Lorsqu’on fait la connaissance de Joseph dit Patch et de sa meilleure amie Saint, ils ont treize ans et vivent dans une petite ville du Missouri dans les Ozarks. Rien n’est facile dans leur vie mais ils ont trouvé un équilibre soudé par l’amitié qu’ils se portent. Tout se brise lorsqu’un acte de bravoure du jeune homme déclenche une série d’événements aussi tragiques qu’incontrôlables qui vont les dépasser dans la trajectoire imprévisible que l’auteur a imaginé pour eux.

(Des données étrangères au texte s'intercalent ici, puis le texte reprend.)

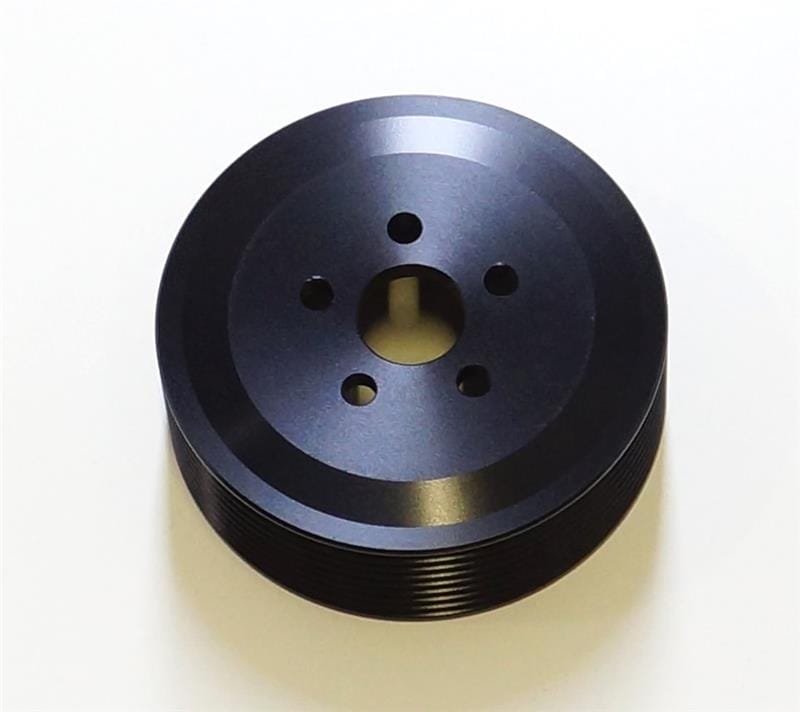 HKS — HKS PULLEY 8Rib-100mm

De l’histoire à proprement parler, il ne faut rien dire de plus. Au-delà de ses 800 pages, ce livre est bien plus vaste que ce à quoi on pouvait s’attendre en lisant sa quatrième de couverture. Et c’est tant mieux ! Le lecteur va ainsi plonger dans un roman fou qui s’affranchit de toutes les assignations littéraires, à la fois mélodrame mettant en scène une histoire d’amour et d’amitié épique, saga familiale mais aussi thriller tournant autour de la traque d’un tueur en série enlevant de jeunes filles, le tout sur une large temporalité enjambant les décennies de 1975 à 2001.
Chris Whitaker a composé un casting mémorable, des principaux personnages jusqu’aux secondaires (Norma la formidable grand-mère, Misty une adolescente qui a échappé au pire ou encore Sammy le mentor fantasque), tous originaux et complexes, jamais stéréotypés mais au contraire terriblement vivants.
La narration évolue en totale liberté autour d’eux, elle sait prendre son temps comme accélérer la cadence, mais sans que jamais cela soit l’intrigue qui dicte son tempo comme dans de nombreux romans. Là, ce sont les personnages, leur évolution psychologique, leurs ressorts les plus intimes, qui propulsent l’action. Chacun ajoute ainsi une couche de profondeur et de nuances à l’histoire, au point que si vous avez oublié un détail du récit, vous vous souviendrez forcément ce que vous avez ressenti à ce moment-là. On est sans réserve avec eux, à leurs côtés, même et surtout quand leurs actions sont trop téméraires, illégales ou obsessionnelles.
A la fois lyrique et contenue, la très évocatrice écriture de Chris Whitaker nourrit une intensité émotionnelle qui ne retombe quasi jamais. Les traumatismes qu’ont vécus les personnages, soit directement en tant que victimes soit indirectement en tant que proches d’un de ces victimes, semblent façonner leur destinée. Toutes les pages sont traversées par l’urgence de la perte et la détermination à découvrir la vérité sur cette perte. Cette obsession les brûle en les empêchant de vivre et d’être heureux. Ils mènent tous leur propre quête en solitaire tout en restant connectés aux autres, les liens perdurant quand bien même le destin conspire pour les placer sur des chemins différents.
« A l’âge de dix ans, il comprit que les êtres humains naissaient entiers, et que les blessures qu’ils subissaient effaçaient les différentes strates qui faisaient d’eux ce qu’ils étaient, détruisant peu à peu leur compassion, leur empathie, et leur capacité à se bâtir un avenir. A treize ans, il découvrit que ces strates pouvaient se reconstruire lorsque vous étiez aimé, et lorsque vous aimiez. »
Derrière les tragédies qui jalonnent le parcours de Patch et Saint, la lumière perce tout de même : la possibilité de se construire une famille de cœur au gré des rencontres, la loyauté indéfectible qui unit ses membres, la persévérance, la place de l’art pour panser les plaies. La fin est superbe, au diapason d’un roman qui imprègne viscéralement le lecteur. Il est rare de lire un roman qui bouleverse au-delà de l’immédiate submersion émotionnelle. Longtemps il imprègne et imprégnera le coeur du lecteur qui aura fait le voyage aux côtés de Saint et Patch.